Singapore cuts taxes to remain competitive
Singapore cuts taxes to remain competitive
Agence France-Presse, Singapore
Singapore on Friday announced hefty cuts in corporate and personal income taxes to lower the cost of doing business in the city-state, which is feeling the pinch of stronger regional competition.
Deputy Prime Minister and Finance Minister Lee Hsien Loong said corporate taxes and personal income taxes will be slashed to 20 percent from 24.5 and 26 percent respectively within three years.
Starting this year, personal and corporate taxes will be reduced to 22 percent, with the rest of the cuts to be fully implemented by the year to March 2005 budget.
To partly offset revenue losses, the government will raise the goods and services tax (GST) from three percent to five percent by 2003, he said in his budget speech at parliament.
Singaporeans on lower incomes will receive relief measures totaling 1.2 billion Singapore dollars (US$665 million) to cushion the effects over a five year period.
"I would say that this budget is pro-growth, pro-jobs and compassionate," said Lam Kok Shang of KPMG Tax Services.
He said 20 percent corporate and income taxes, while higher than those in Hong Kong, were "competitive" as investors had to consider other factors.
Vasu Menon, an analyst with Internet bank finatiQ, cited estimates showing that a every percentage point cut in the corporate tax rate would lift profits by 1.3 percent.
But the share market barely reacted to the widely anticipated announcement, dealers said.

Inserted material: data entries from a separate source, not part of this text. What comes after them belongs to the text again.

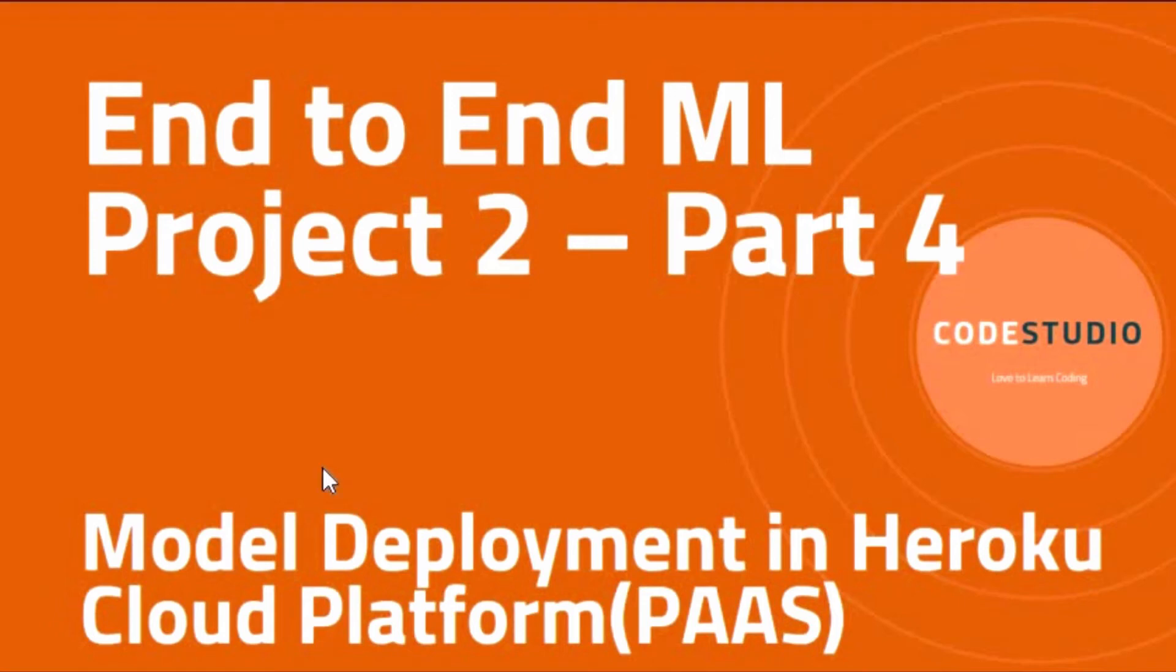Hello guys, welcome to Code Studio. This is our fourth session in end-to-end machine learning project playlist where we will discuss how to deploy a machine learning model in a Heroku cloud platform. In previous sessions we discussed how to set up a Flask project and how to develop a UI page for machine learning production.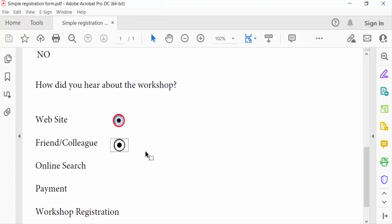radio buttons in fillable PDF forms. I hope you'll enjoy this video. Thanks for watching and don't forget to subscribe to my channel. Thank you.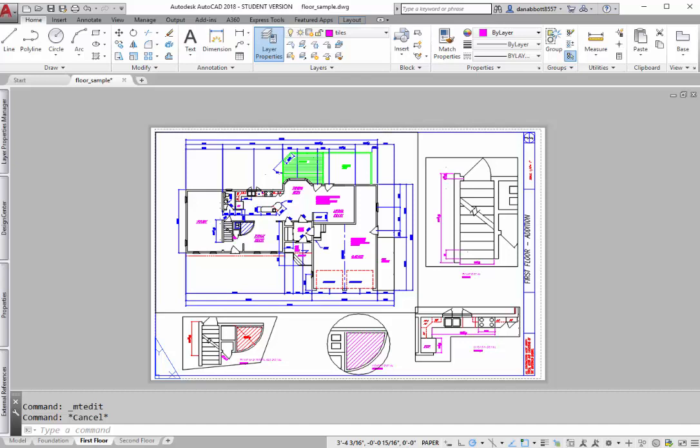One is simply to plot to a PDF file and then open it in Acrobat and use the Acrobat Tiled Print option to print it. But that doesn't give you a lot of control over where the tiles actually fall. So this is another technique that you can use.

The key Straits Times Index edged up by a mere 0.66 points to 1,741.01.
Targeted government revenue in the year to March is 29.21 billion dollars, with spending seen at 28.33 billion dollars.
The modest forecast surplus of 885.51 million dollars followed a deficit of 1.43 billion dollars in the last fiscal year when the economy plunged into a recession.
Lee said the tax cuts would be fully implemented, "barring a major change in the economic and political climate which unfortunately cannot be completely ruled out given the uncertain regional and global environment".
Reducing direct taxes was "fundamental to strengthening our competitiveness".
"When companies compare the attractiveness in investing in different countries, the corporate income tax flows straight through to the bottomline.
"If we set our tax rate too high, we make it harder for companies to make money, expand and create more jobs," he added.
He cited Germany which last year slashed corporate income tax to 25 percent from 40 percent and the United States where the effective rate is 11 percent.
Ireland is expected to cut corporate income taxes to 12 percent next year and Hong Kong's current rate is 16 percent.
"These examples show just how fierce the competition is. Unless we keep pace with our competitors, we will inevitably lose investments and business," Lee said.
Singapore would also set aside more funds to guard against external threats, particularly from terrorism, in the aftermath of Sept.11.
It will spend about S$10.64 billion on domestic and external security operations, or 38 percent of total expenditure, due to increased threats after the terror attacks in the U.S. last year.
In the last fiscal year, security spending accounted for 37 percent of total spending.